BEGIN The data

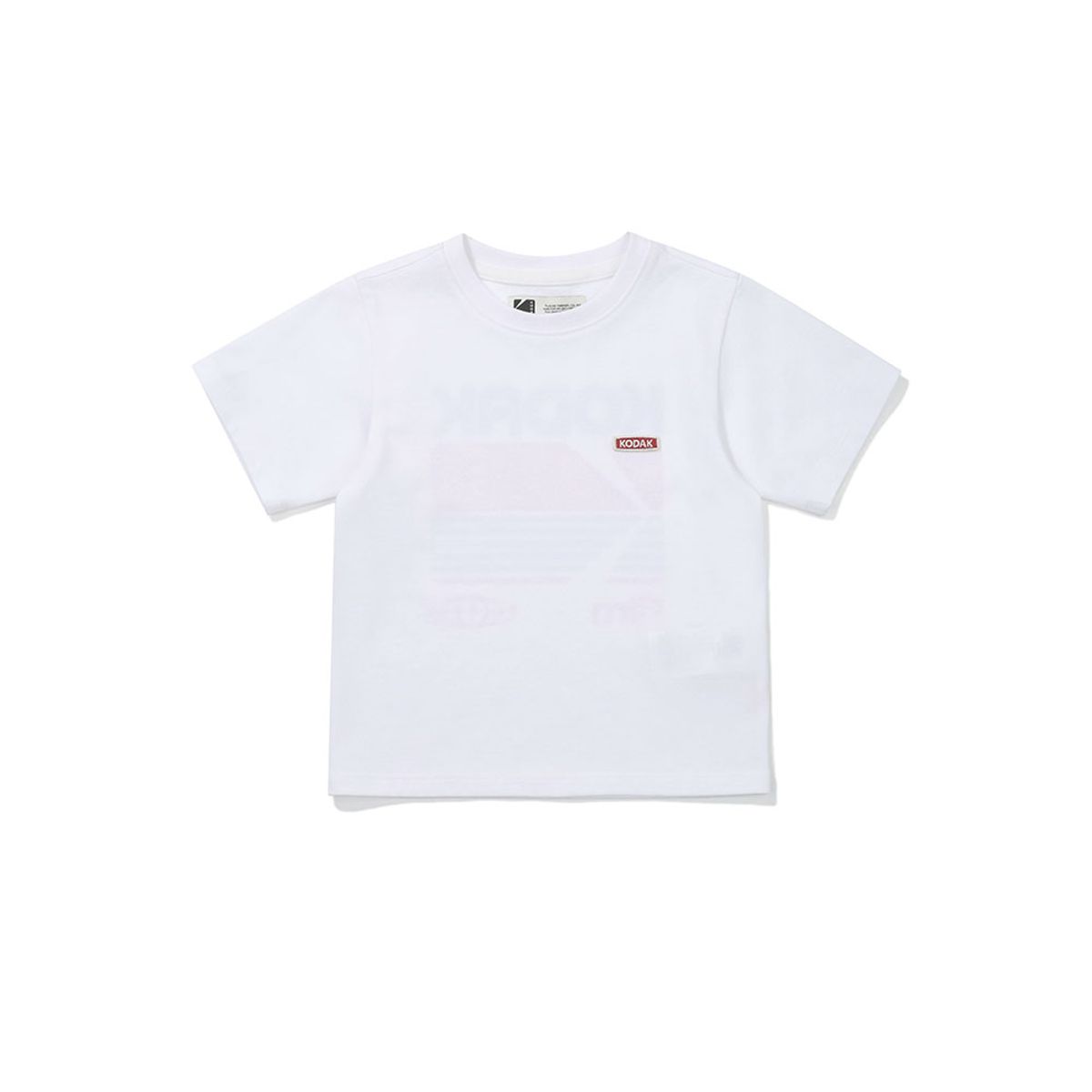 코닥 키즈(KODAK KIDS) 브리즈팝 그래픽 에어로쿨 반팔 티셔츠 키즈 WHITE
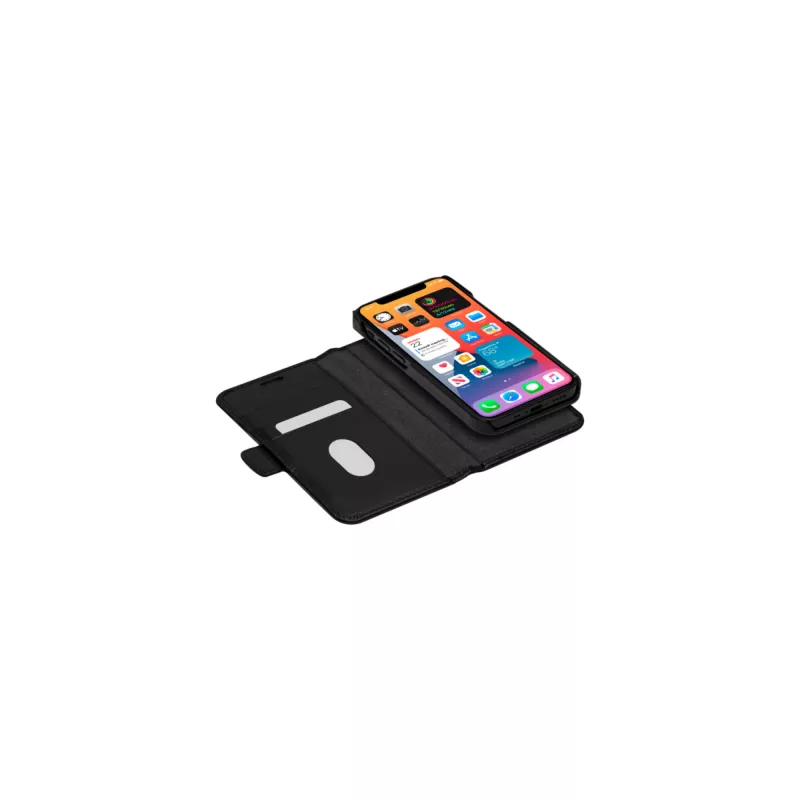 Wallet Case dbramante1928 Lynge per iPhone 12 mini 5,4 pollici – nero, 3 vani per carte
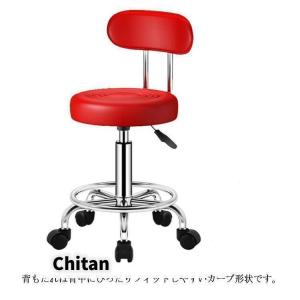 カウンターチェア スツール キャスター付き 丸...の詳細画像2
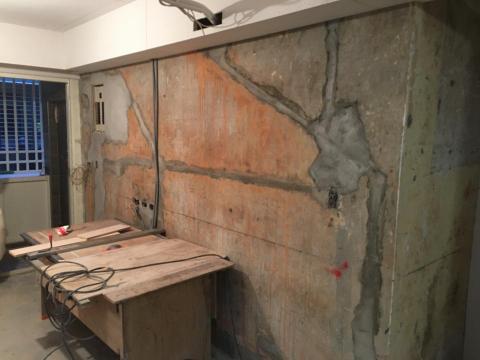 永旭裝潢企業社 - 新莊案件電視牆原始圖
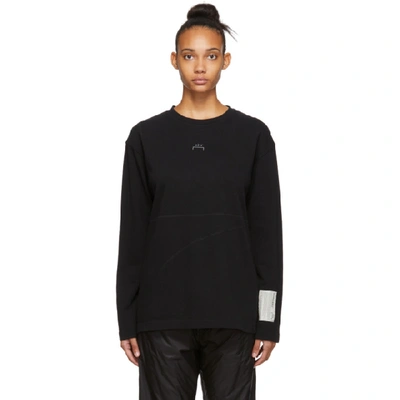 A-cold-wall* Black Overlock Long Sleeve T-shirt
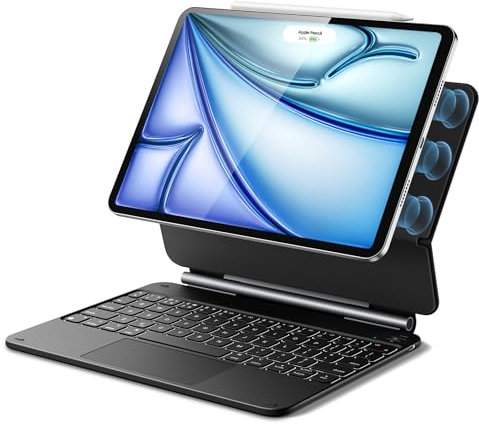 ESR iPad Air 11 inch Case with Keyboard (M3/M2, 2025/2024), iPad Pro 11 (4th/3rd/2nd/1st Gen) & iPad Air 5th/4th Magic Case, Easy-Set Floating Cantilever Stand, Precision Multi-Touch Trackpad, Black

END The data

> [What needs to be done]: Beginning with the line that contains "A-cold-wall* Black Overlock", reproduce every line through the end of the records above exactly, leaving pictures out.

> [Output for this task]:
 A-cold-wall* Black Overlock Long Sleeve T-shirt
 ESR iPad Air 11 inch Case with Keyboard (M3/M2, 2025/2024), iPad Pro 11 (4th/3rd/2nd/1st Gen) & iPad Air 5th/4th Magic Case, Easy-Set Floating Cantilever Stand, Precision Multi-Touch Trackpad, Black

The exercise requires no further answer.